When we put the entire picture toge
ther, we should not be surprised that Lin wasn’t drafted. After all, he was a relatively old player from a minor conference that didn’t excel at scoring.
Of course Lin’s performance with the Knicks suggests that decision back in 2010 wasn’t correct. Was there anything in Lin’s college performance that would suggest that Lin would be a productive NBA player? Before we get to those numbers, it should be emphasized that college numbers are not a crystal ball into a player’s pro career. However, they are much better at predicting performance than whatever methods the NBA employs when making choices in the draft.
Let’s start with a summary of Lin’s numbers. Wins in basketball are primarily about shooting efficiency (i.e. the ability to put the ball in the basket), and your ability to gain and keep possession of the ball (i.e. rebounds, steals, and turnovers). The importance of these factors drives the calculation of Wins Produced. This model can be simplified into Win Score, which is calculated as follows:
Win Score = Points + Steals + Offensive Rebounds + ½*Defensive Rebounds + ½*Assists + ½*Blocked Shots – Field Goal Attempts – ½*Free Throw Attempts – Turnovers – ½*Personal Fouls
An average point guard selected in the NBA draft from 1995 to 2009 posted a 5.8 Win Score per 40 minutes (WS40) in his last year in college. In 2009-10, Lin posted an 8.0 WS40, which meant he was an above average prospect.
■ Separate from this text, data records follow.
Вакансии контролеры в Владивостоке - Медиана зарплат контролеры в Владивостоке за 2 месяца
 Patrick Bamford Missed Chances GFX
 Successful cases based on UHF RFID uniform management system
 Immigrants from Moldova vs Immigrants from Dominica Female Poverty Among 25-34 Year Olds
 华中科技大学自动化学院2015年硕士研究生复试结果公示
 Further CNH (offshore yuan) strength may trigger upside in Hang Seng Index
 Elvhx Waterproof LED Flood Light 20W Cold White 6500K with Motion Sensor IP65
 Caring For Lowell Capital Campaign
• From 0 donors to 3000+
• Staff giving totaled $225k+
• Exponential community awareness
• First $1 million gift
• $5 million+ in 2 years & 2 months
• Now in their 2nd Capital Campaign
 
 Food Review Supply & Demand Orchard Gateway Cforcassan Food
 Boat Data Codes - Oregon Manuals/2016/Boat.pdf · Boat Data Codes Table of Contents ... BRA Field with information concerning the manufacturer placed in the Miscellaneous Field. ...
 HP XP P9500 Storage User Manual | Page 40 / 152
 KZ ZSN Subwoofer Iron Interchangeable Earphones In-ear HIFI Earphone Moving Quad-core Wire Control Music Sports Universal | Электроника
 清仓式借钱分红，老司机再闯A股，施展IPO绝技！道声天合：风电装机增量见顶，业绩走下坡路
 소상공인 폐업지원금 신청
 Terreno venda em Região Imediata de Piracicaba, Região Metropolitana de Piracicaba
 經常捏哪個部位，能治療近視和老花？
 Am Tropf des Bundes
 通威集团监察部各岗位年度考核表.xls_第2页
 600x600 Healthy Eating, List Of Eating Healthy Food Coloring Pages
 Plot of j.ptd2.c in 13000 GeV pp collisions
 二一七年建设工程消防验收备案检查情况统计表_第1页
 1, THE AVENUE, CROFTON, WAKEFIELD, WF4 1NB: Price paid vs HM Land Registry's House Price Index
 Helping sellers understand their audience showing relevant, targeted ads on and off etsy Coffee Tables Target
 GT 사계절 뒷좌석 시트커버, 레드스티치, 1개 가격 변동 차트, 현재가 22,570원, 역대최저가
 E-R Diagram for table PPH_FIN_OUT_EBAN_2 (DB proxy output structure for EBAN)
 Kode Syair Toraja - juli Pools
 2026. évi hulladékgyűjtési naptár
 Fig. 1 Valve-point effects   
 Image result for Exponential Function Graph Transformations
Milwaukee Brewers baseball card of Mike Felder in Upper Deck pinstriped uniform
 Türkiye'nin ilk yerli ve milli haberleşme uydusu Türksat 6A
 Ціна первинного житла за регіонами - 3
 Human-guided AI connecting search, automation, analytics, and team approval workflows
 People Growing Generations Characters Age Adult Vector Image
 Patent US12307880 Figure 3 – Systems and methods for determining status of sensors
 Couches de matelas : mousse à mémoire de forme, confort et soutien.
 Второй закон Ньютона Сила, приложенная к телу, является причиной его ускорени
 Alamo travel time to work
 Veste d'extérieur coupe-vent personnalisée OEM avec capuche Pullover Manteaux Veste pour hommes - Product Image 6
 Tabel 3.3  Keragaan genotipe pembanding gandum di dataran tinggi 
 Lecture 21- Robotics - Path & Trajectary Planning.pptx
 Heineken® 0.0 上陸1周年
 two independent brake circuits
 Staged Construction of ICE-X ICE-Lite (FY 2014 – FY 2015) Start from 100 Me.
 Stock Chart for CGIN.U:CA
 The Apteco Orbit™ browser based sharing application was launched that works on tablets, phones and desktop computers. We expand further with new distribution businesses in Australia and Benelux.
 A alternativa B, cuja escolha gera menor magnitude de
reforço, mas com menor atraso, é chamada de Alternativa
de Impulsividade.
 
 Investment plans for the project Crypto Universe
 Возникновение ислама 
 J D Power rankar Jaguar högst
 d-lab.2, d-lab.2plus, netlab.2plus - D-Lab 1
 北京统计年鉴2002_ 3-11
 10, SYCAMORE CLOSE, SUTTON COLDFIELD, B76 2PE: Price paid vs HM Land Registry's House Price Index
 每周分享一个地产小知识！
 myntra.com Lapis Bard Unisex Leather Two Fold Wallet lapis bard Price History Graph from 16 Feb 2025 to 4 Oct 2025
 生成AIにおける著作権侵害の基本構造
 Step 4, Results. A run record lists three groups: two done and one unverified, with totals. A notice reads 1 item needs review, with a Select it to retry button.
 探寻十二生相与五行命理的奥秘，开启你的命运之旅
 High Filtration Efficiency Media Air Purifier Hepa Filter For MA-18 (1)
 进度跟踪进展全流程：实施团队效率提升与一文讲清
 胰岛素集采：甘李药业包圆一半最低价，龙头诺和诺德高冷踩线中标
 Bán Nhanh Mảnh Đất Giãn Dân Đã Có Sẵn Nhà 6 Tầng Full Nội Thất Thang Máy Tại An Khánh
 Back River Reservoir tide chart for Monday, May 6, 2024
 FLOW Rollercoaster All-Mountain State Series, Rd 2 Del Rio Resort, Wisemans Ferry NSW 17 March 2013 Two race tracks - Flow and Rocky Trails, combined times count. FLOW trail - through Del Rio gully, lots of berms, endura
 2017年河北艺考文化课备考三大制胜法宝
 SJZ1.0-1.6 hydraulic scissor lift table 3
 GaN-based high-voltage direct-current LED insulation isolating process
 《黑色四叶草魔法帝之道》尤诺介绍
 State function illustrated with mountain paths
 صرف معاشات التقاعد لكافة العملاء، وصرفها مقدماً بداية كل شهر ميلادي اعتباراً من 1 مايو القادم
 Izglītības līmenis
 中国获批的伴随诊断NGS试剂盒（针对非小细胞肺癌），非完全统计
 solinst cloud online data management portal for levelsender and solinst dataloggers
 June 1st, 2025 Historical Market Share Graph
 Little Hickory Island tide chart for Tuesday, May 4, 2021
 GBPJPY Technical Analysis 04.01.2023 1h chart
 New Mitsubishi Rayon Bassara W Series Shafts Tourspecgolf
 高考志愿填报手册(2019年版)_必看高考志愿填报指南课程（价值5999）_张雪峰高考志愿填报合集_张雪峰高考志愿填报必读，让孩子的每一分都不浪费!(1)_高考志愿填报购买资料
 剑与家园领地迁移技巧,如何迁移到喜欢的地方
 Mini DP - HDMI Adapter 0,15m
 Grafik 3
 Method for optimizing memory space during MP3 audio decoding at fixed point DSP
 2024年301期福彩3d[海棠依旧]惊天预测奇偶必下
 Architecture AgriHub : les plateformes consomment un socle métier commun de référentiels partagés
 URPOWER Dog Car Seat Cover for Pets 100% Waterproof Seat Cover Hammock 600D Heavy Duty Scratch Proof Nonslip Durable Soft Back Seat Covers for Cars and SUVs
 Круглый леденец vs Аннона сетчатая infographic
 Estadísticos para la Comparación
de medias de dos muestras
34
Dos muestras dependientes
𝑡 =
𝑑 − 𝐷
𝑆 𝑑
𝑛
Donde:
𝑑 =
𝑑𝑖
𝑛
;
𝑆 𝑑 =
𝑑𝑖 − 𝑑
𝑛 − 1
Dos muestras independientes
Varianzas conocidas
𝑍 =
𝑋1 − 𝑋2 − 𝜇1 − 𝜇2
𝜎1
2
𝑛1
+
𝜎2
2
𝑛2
Lin’s above average Win Score was driven by his ability to excel at shooting efficiency from two-point range, his ability to get rebounds, and his ability to get steals. When we look at which college factors predict an NBA player’s productivity, we find that it is these very same factors that matter: shooting efficiency from two-point range, rebounds, and steals.
Now what factors don’t matter? We found that a player’s height, age, and other box score numbers are not associated with more NBA production later on. In addition, appearing in the Final Four – a factor that clearly impacts draft position – doesn’t suggest higher production in the future. In sum, what Lin didn’t have in 2010 wasn’t related to his future NBA prospects. Consequently – contrary to what people in the NBA thought back in 2010 — people outside the NBA argued (again, back in 2010) that Lin might be worth a look.
The last team to overlook Lin was the Houston Rockets — they cut Lin back in December. At that time, the point guard the Rockets decided to keep was Jonny Flynn. Back in 2009, Flynn – after posting a 4.7 WS40 at Syracuse in 2008-09 (that is a below average mark) — was the 6th player taken in the NBA draft. As of last December, Flynn had played more than 3,300 minutes in the NBA and again posted below average numbers. Despite all this evidence that Flynn is not an above average basketball player, the Rockets kept Flynn over Lin.
What explain this “Flynnsanity”? Not only do NBA decision-makers focus on the wrong issues on the NBA draft, they also are slow to let these decisions go. A player’s draft position impacts minutes played – even after we control for performance – several years into a player’s career. So it’s not surprising that Flynn – who did not play well in college or in the NBA – was chosen by the Rockets over Lin. Flynn was supposed to be a star in college. He was supposed to be a star when he was drafted. And I am sure, people still believe Flynn may someday be a star in the NBA.
But given the consistency of NBA performance, it seems unlikely Flynn will ever be a star. And although the sample is still quite small, we now have even more evidence that Lin – contrary to what was thought by many (but not all) back in 2010 — will be a productive NBA player.
All this tells us is that although it’s much easier to evaluate talent in the NBA than the NFL, the results for teams in both leagues appear to be the same. And until decision makers in the NBA can do a better job of focusing on what matters – and ignoring what doesn’t – decisions in the NBA are likely to continue to look very much like what we see in the NFL.